— Source data —
++++++
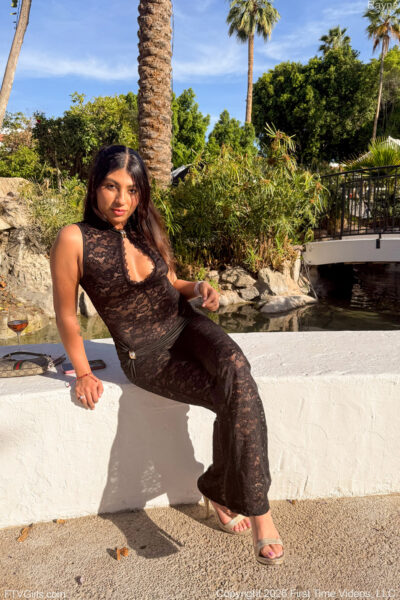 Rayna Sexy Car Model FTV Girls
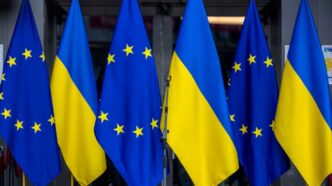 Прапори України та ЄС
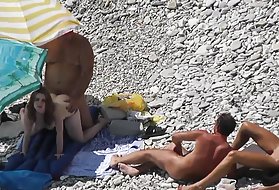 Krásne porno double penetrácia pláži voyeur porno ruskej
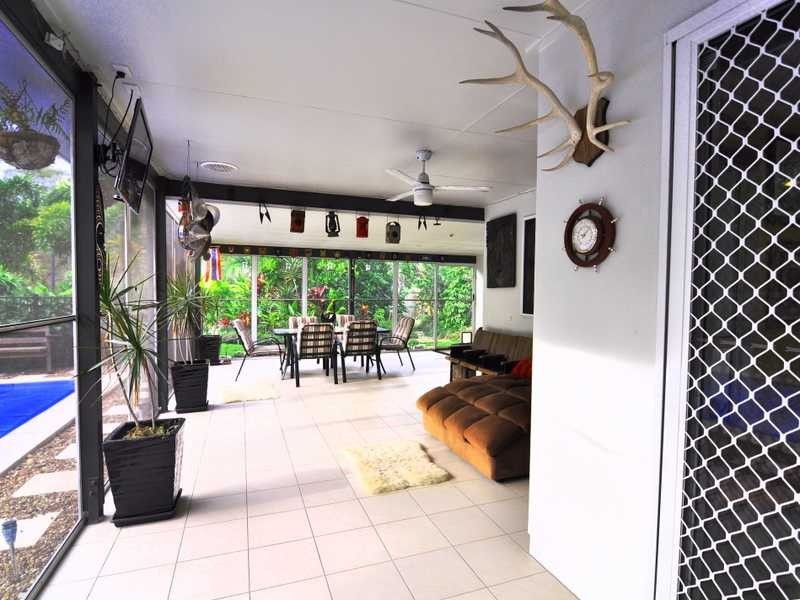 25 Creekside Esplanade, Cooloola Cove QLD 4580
++++++
— What you should do —
Each line of the material goes into your copy unchanged, but no picture does.

— Result of the exercise —
 Rayna Sexy Car Model FTV Girls
 Прапори України та ЄС
 Krásne porno double penetrácia pláži voyeur porno ruskej
 25 Creekside Esplanade, Cooloola Cove QLD 4580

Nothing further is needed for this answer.